Collected data
■ ■ ■

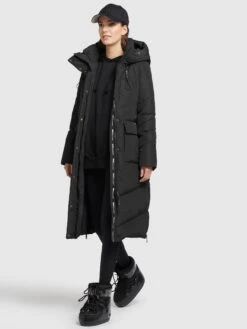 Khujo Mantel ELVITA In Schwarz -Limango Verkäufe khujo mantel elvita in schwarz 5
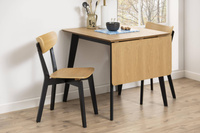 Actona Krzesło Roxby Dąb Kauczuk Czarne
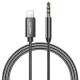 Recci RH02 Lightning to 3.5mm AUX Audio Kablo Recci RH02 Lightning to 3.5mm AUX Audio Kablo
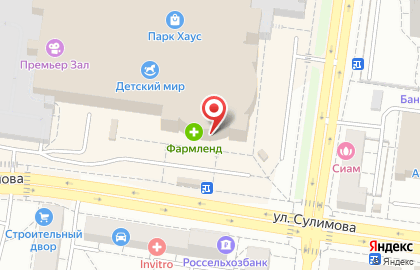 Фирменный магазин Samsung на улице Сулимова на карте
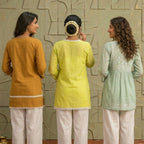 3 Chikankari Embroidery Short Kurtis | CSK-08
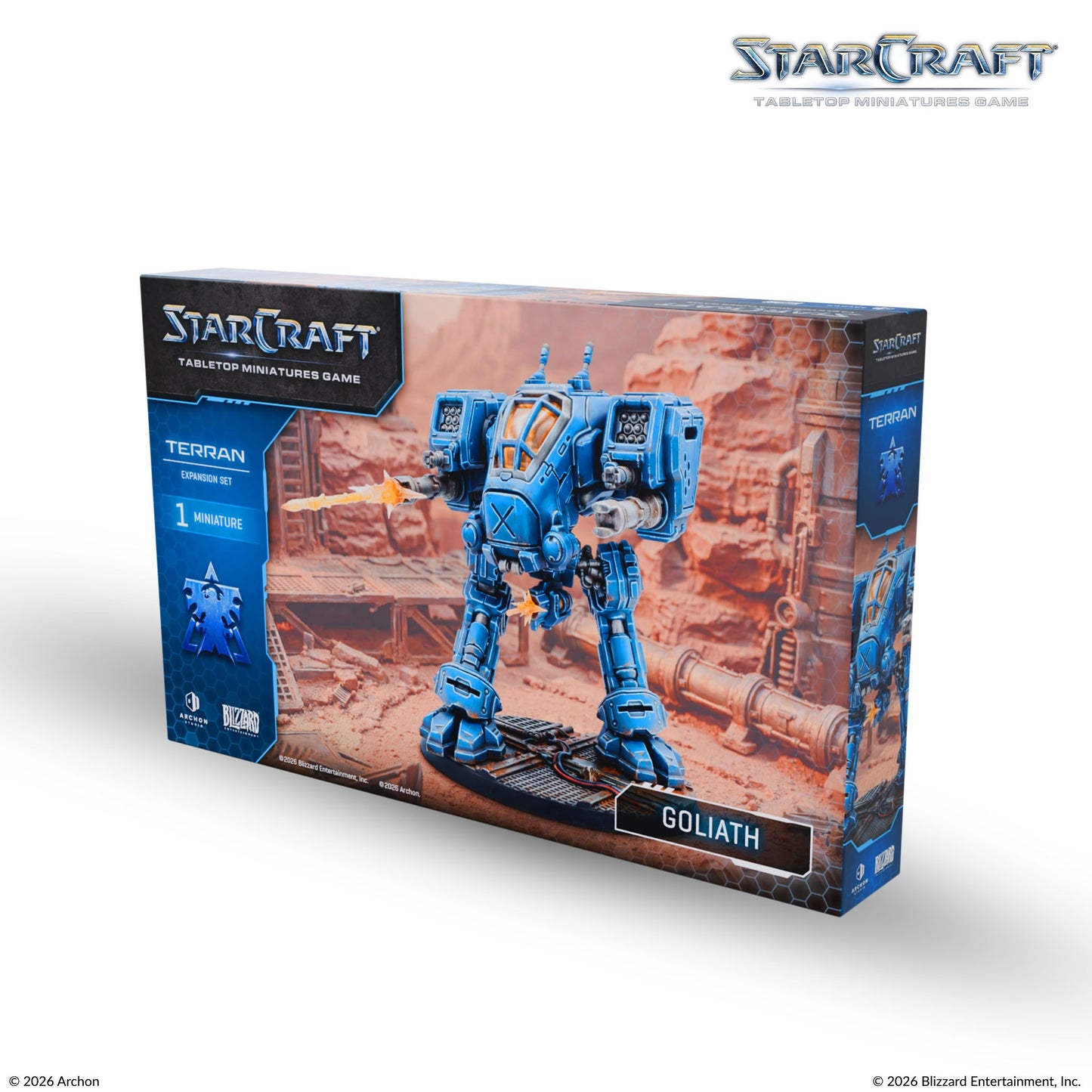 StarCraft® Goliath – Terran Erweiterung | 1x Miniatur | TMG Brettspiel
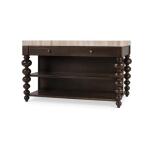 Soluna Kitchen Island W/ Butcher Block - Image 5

■ ■ ■

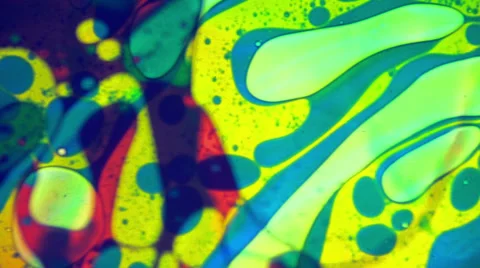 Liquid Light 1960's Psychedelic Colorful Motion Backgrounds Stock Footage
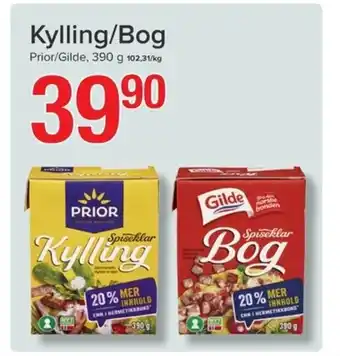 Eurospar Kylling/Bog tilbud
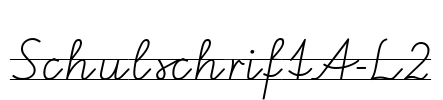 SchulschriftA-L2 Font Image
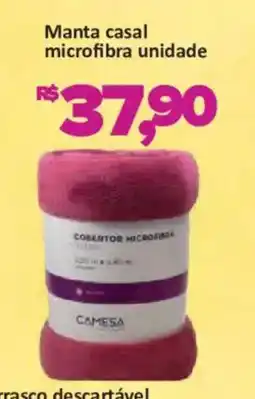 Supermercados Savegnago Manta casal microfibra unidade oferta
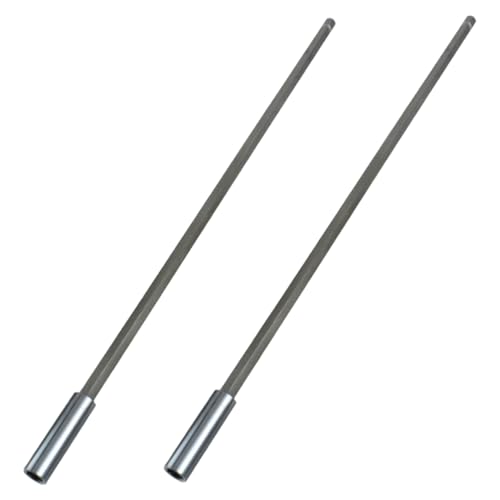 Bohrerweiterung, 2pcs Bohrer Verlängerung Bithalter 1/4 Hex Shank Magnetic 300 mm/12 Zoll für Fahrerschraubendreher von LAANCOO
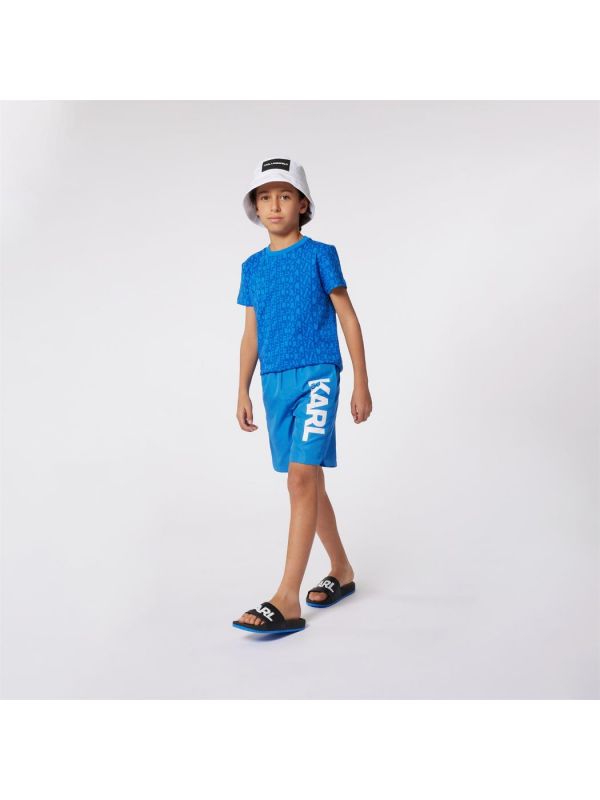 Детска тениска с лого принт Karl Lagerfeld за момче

■ ■ ■

What needs to be done
Exercise for the records above: copy only the lines from the one with "Supermercados Savegnago Manta" to the one with "Детска тениска с", both ends kept, and drop the pictures.

Expected output
 Supermercados Savegnago Manta casal microfibra unidade oferta
 Bohrerweiterung, 2pcs Bohrer Verlängerung Bithalter 1/4 Hex Shank Magnetic 300 mm/12 Zoll für Fahrerschraubendreher von LAANCOO
 Детска тениска с лого принт Karl Lagerfeld за момче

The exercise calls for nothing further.